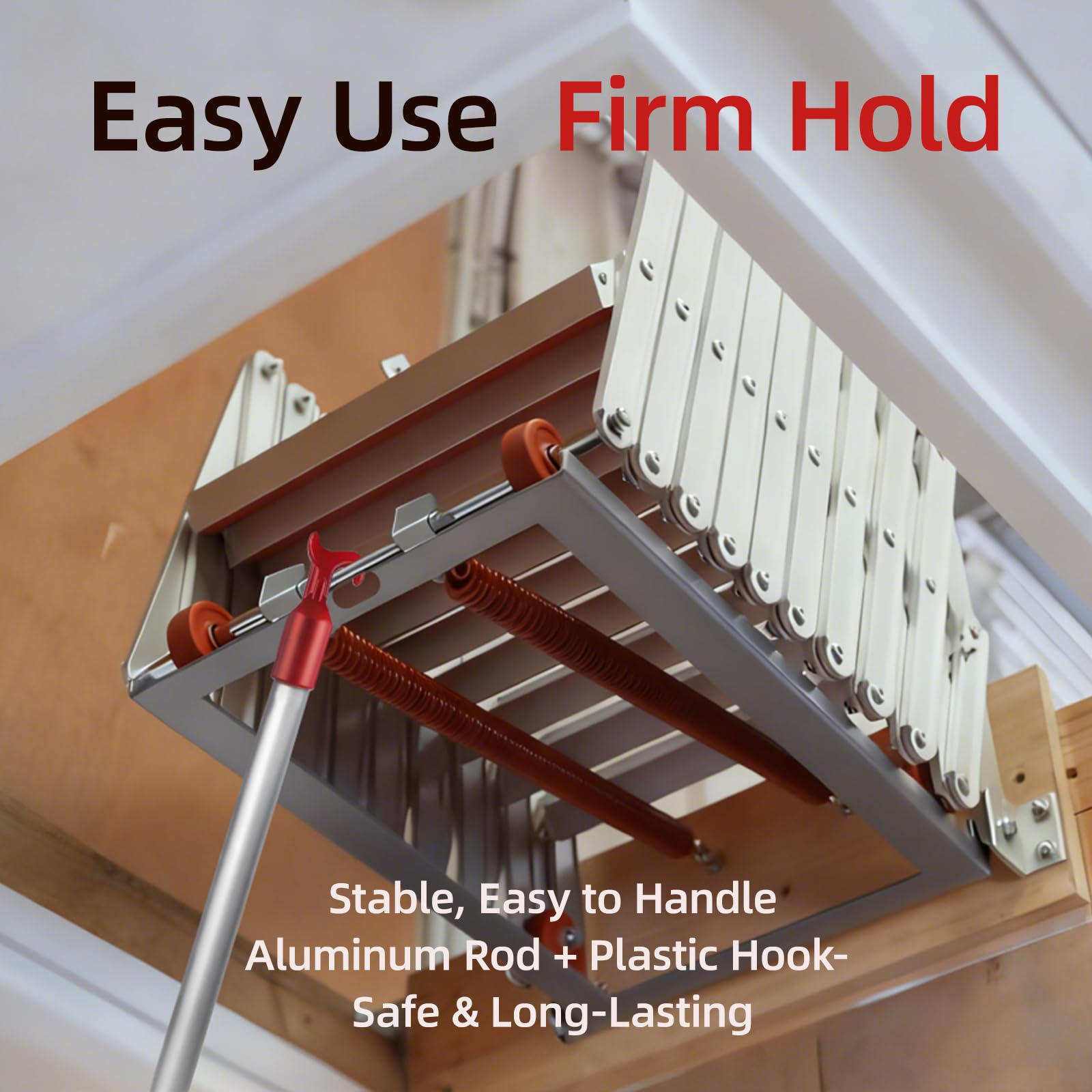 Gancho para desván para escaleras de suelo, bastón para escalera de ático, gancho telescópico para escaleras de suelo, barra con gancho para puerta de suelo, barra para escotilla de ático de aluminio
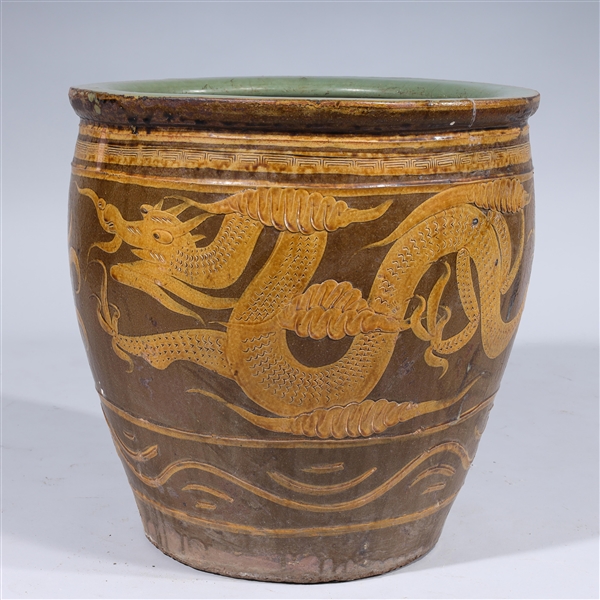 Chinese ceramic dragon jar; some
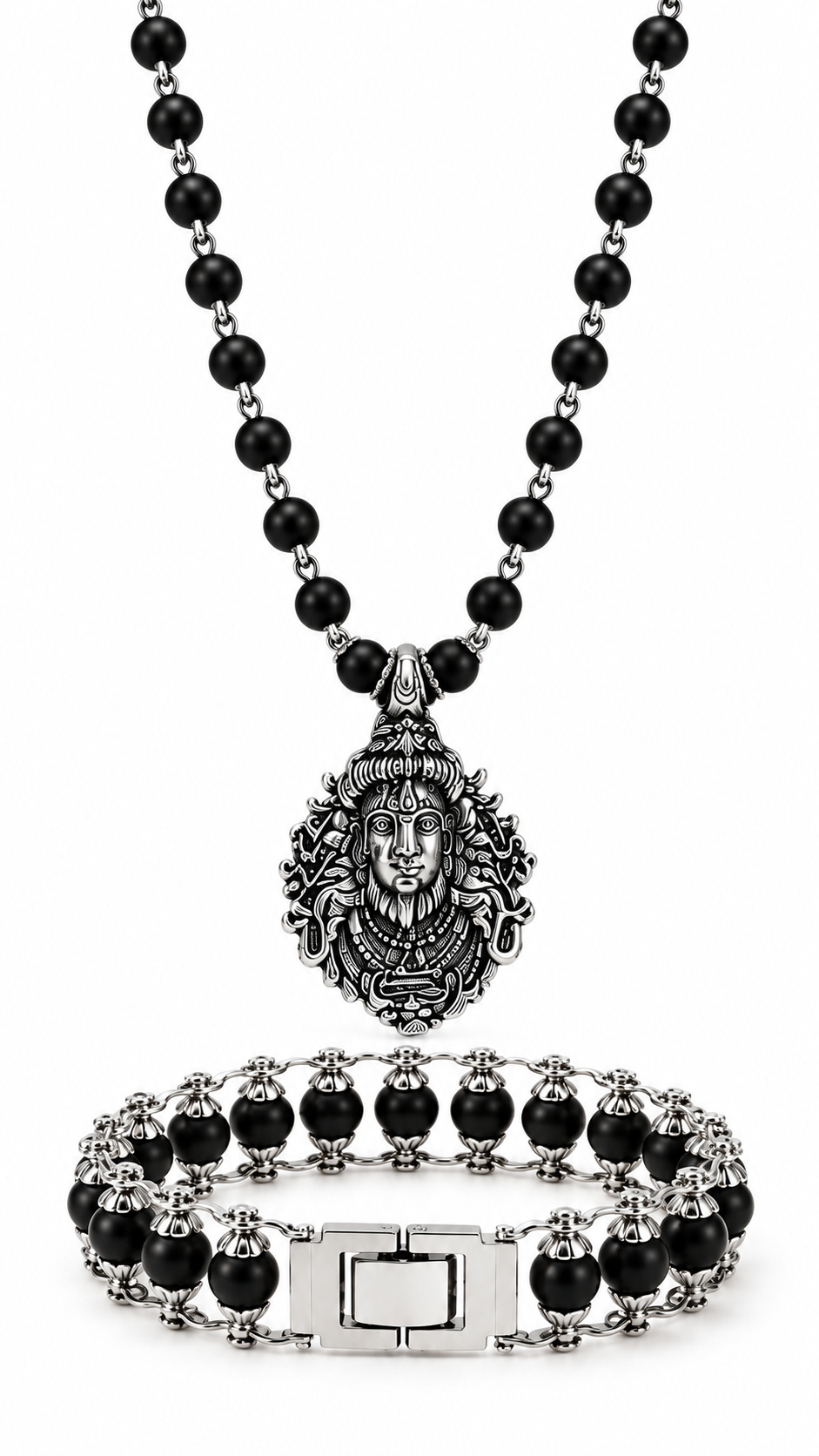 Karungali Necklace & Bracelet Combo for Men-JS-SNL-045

### What needs to be done
A faithful copy of all the data above, without its pictures, is the expected result.

### Exercise response
 Gancho para desván para escaleras de suelo, bastón para escalera de ático, gancho telescópico para escaleras de suelo, barra con gancho para puerta de suelo, barra para escotilla de ático de aluminio
 Chinese ceramic dragon jar; some
 Karungali Necklace & Bracelet Combo for Men-JS-SNL-045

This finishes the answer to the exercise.